The corresponding CSV files can be found in the test/results/ directory of the supplementary archive.

Plots

The following two plots visualize the differences in runtime when using and when not using refinement selection for the device driver programs. The default approach is drawn in red, the graph using refinement selection is green. Tasks that ran out of memory are omitted here.

The first plot compares the run times of the default approach with those when using refinement selection, by aligning the benchmark task on the x-axis sorted by their respective CPU time consumed when using the default approach. Hence, the first data point denotes the shortest, the last the longest time needed for obtaining a result with the default approach. One can see that the green line (with refinement selection) is often times significantly lower then the red line (without refinement selection), especially for tasks to the far right on the x-axis, that lead to a timeout (consume more than 900 seconds CPU time) for the default approach, but can be solved with refinement selection.

The second plot is based on the identical data as the first, but benchmark tasks are sorted on the x-axis by their respective CPU time consumed when performing refinement selection. Similar as in the first plot, one can see that for several tasks that can be solved using refinement selection (green line), the default approach (red line) exceeds the timeout of 900 seconds of CPU time.

Reproducing the Results

In order to reproduce the results, download the supplementary archive (320 MB) and follow the steps below.

Linux is required to run the experiments because the SMT solver used by CPAchecker (MathSAT5) is only available for Linux. CPAchecker requires that the amount of memory used for the Java heap is set according to the memory of your machine. If this parameter is higher than the available memory, the JVM will not start. For the results in the paper, a value of “12000m” was used; the whole process (including the RAM that was used by the SMT solver) was limited to 15 GB of RAM.

How to run CPAchecker on a single program

CPAchecker can be executed on a single program by using the shell script (scripts/cpa.sh).

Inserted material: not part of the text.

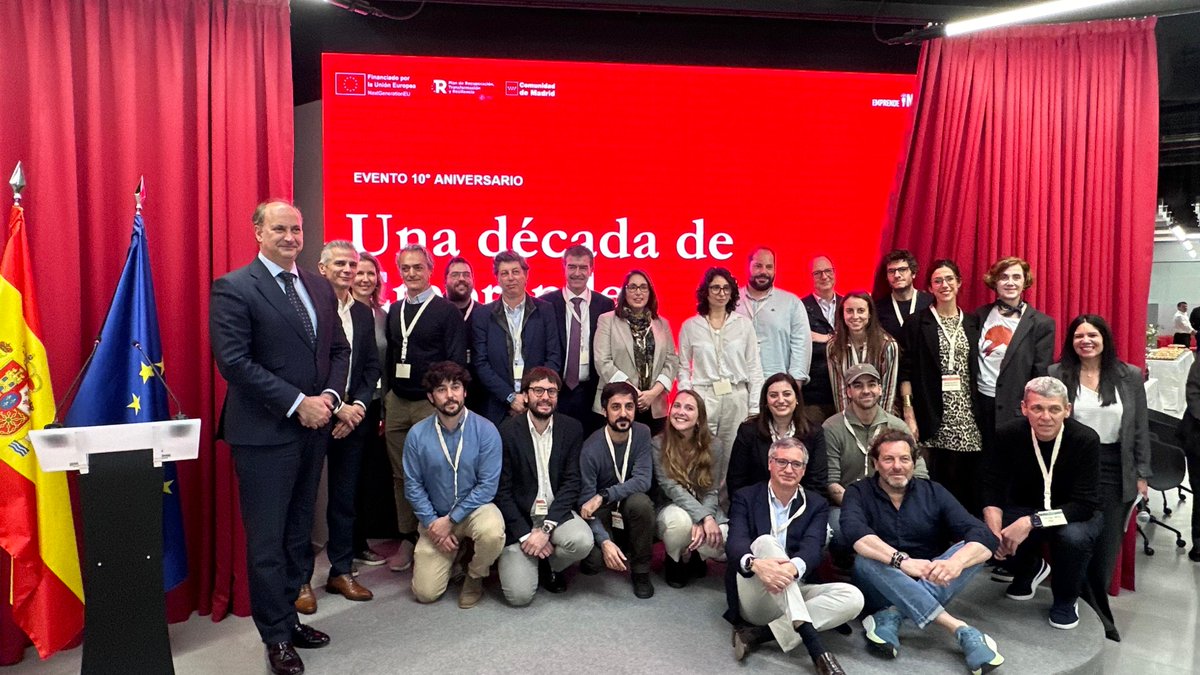 Miguel López-Valverde tweet media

  1. The Java heap size limit is defined on the command line by setting the heap parameter, e.g., -heap 12000m. If you have less than 16GB of RAM (or if not enough memory is free on your machine), you need to adjust this number by changing -heap 12000m to a value adapted to your environment.
  2. Run the shell script scripts/cpa.sh, for example, like this:
    scripts/cpa.sh -disable-java-assertions -noout -setprop log.consoleLevel=WARNING -heap 12000M -skipRecursion -ldv -setprop analysis.checkCounterexamples=true -setprop counterexample.checker=CPACHECKER -setprop counterexample.checker.config=config/predicateAnalysis-as-bitprecise-cex-check.properties -setprop cpa.value.refiner.prefixPreference=DOMAIN_BEST_DEEP -setprop cpa.predicate.blk.threshold=1 -setprop cpa.predicate.abstraction.computation=CARTESIAN -timelimit 900s -stats -spec test/programs/PropertyERROR.prp test/programs/ntdrivers/diskperf_false.i.cil.c
  3. For the set of device driver programs, you also need to add the parameter -64.
  4. The results (log files and data) will be placed in the directory output/.

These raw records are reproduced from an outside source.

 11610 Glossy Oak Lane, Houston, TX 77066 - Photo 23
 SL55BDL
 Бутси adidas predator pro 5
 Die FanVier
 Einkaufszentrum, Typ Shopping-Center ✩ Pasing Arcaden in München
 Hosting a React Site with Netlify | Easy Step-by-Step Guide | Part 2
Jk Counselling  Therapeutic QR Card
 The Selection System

How to run CPAchecker on a set of programs

CPAchecker can be executed on a set of programs by using the benchmarking script (scripts/benchmark.py). You can find the input file for the benchmarking script (test/test-sets/ldv_refineSelect.xml) in the supplementary archive.

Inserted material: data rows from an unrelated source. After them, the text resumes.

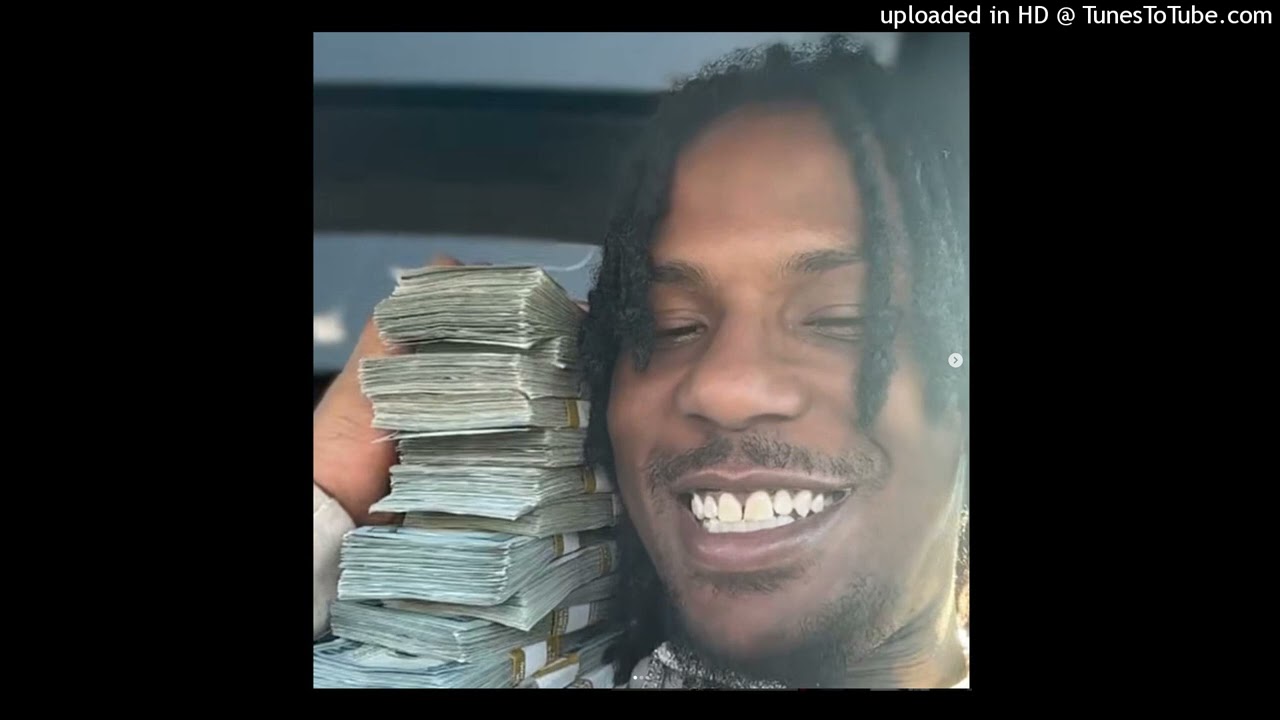 Lex Luger - 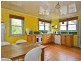 22 Byron Street, Sandy Bay TAS 7005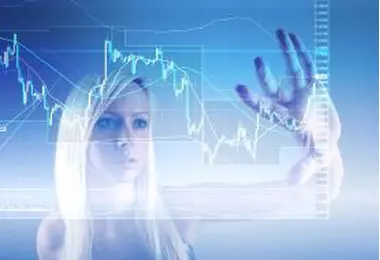 Schroders Adviser Forum: investor insights in a world of evolving risk and opportunities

  1. The Java heap size limit is defined in the benchmark definition XML file. If you have less than 16GB of RAM (or if not enough memory is free on your machine), you need to adjust this number by changing the following line in the file: <option name="-heap">12000m</option>
  2. Run the benchmark script scripts/benchmark.py with the benchmark definition file. Example: scripts/benchmark.py test/test-sets/ldv_refineSelect.xml
  3. The results (log files and data) will be placed in the directory test/results/.